3 Temmuz 2009 Cuma

αποχαιρετισμός

sevgili bb,

size bugün çıkmadan böyle bir mektup yazmıştım da elcazım gitmemişti atmaya. toparlayamamıştım. telefonunuzu da açamamıştım zaten. olacakları biliyor gibi karalar giymiştim, karalar sürmüştüm akşam. herkes rahatsız, huzursuz ve eksikti zaten siz olmayınca.
kabul ediyorum. daha açık sözlü olmalıydım. suç benimdi.
hay lanet!
aslında olması gerektiği gibi ikimiz o büyülü bankın bir köşesinde oturup kalmalıydık. kalkıp daha ileri gitmemeliydik.
ama o kadar ben gibiydiniz ki, biliyordunuz. beni anlardınız diye umuyordum.
a-şık diye aniden kesiyordu.
birşeyler anlatmak istiyordum size ama dilsiz gibi kaldım, gözlerim uğraştılar.
ama yapamadılar.
siz de sonunda, aklınızla hayalgücümü paylaşan ben'im
üzmemek için çabalarken, sizi akıl'sız gördüğümü sandınız!
hay lanet!
derin bir nefes alıyorum.
kaderime boyun eğip, size ait her detayı, bende kalan çakıltaşlarınız gibi eteğime topluyorum... rahatsıztekkişilikkoltuklar'ın genişlikleri, yunanistandaki partiler ve yol kenarında vıcık-cıcık karamelli kahveyle içilen ince sigaralar gibi.
gülmek gibi.
sizin gibi.

herşey için
herkese teşekkür ediyorum.



name

güneşin dans ettiği bir yerlerden bahsediyorlar son zamanlarda.
sadece o günlük tanıdığım -belki bir daha görmediğim- insanlar farklı mekanlarda bana "güneş dans ediyor" diyorlar.
ben de kulaklarımı son ses açıp evrenin mesajına veriyorum.
güneş saçlı bir çocukla, güneşi dans ettirmeye ve çocuk gibi eğlenmeye gitmek istiyorum.
ama gelin görün ki buraların yabancısıyım ve kuralları bilmiyorum. her "hayırdır genç?" bakışına yada öksürüşüne "ben buraların yabancısıyım" diyorum.

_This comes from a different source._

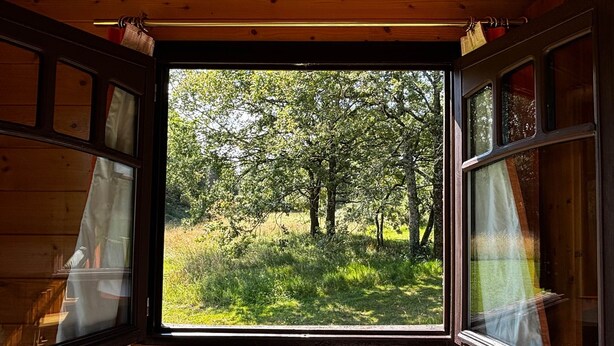 Una cabaña con un ventanal que ofrece vistas al bosque.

güneş saçlı bir çocuk tatile çıkıyor ve güneşi dans ettirmek için bazı - güneşle hiç ilgisi olmayan -tanrılara adaklar adamak gerekiyor. ama benim gözüm sadece onu görüyor.
isterseniz buna kader diyebilirsiniz.zira kaderin kızkardeşleri de üç taneler;
harika, şahane ve makbule.kült, ablası ve abisiyle arkadaşlar bunlar.
mahalleden.
altın kızlar, uzattığım saçlarımdan çektiğim çilenin altıncı yılında bana üç dilek hakkı vermiş.
ben de dilemişim.
a.a. olmuş gerçekten. anidenmiş.
hatta bb olmuş. en serseri ve en zormuş.
altıncıgünün sonunda tanrı insanlara dinlenmeleri için izin vermiş
ve cc olmuş...
bir de hazreti ismail varmış. şamil tayyarın göz-arkadaşı.
hepsi çok iyi çocuklarmış. aynı mahalleden. kaderin kardeşleri gibi.
yeni bir ay varmış.
yeni bir göl
yeni bir pınar
gülmekten yorgun düşüp, yeter dediklerinde, susup sakinleşmelerini bekliyormuşum. sonra biri "devam etmiyor muyuz?" diyormuş... onların dalgalarında yüzüyormuşum. dalgalanıyormuşum
duru-lu-yormuşum
an'ın tadını çıkarıyormuşum
incecik parmaklarımla anları kaydırıp, bambaşka yerlere götürüp getiriyormuşum. gerçek işimi bulmuş gibiymişim. onlardan derliyor topluyor, yine onlara anlatıyormuşum.
aklımda bir güneş dans ediyormuş,
o güneşten birbirinden güzel üç renk lale damlıyormuş,
sararıyormuşum. elcazımda değilmiş...

camdan kapı kolu deliğine giren kelebek etkisiyle yanımda tarantino filmlerinden çıkmış, siyah takım-beyaz gömlek-ince siyah gravat güneş saçlı bir çocuk oturmuş. ablasının düğününden almışım onu. dört nikah bir de cenaze varmış o saatlerde. arkada akrabalar, erkek tarafı dedikodusu yaparken, biz gözlerimizle konuşup, eğleniyormuşuz. buraların yabancısı olduğumuzu çaktırmamaya çalışıyormuşuz. o sağlıkçı olduğu için daha iyi biliyormuş, buralarda huzursuz yabancıları sevmiyorlarmış.
sonra resmi kıyafetler çıkıyor, akrabalardan kaçılıyor ve hayalden değil gerçekten çimenler üstünde sihirli bir kartona oturup; bulutlara, yeşil uçurtmaya ve insanlara bakıyormuşuz tepelerden. huzursuzluğumuzla dalga geçen hikayeler anlatıp eğlendiriyormuşum onu. ne de olsa gülmeden geçmiyormuş hayat.
o, bana sarılmamak için zor tutuyormuş. ama tutuyormuş. kendini.
biliyormuş ben çok özel bir melekmişim.
ve kanatlarıma dikkat etmek gerekiyormuş.
ama işte kader. üçkardeş oluyormuş. ve hay lanet! işler karışıyormuş.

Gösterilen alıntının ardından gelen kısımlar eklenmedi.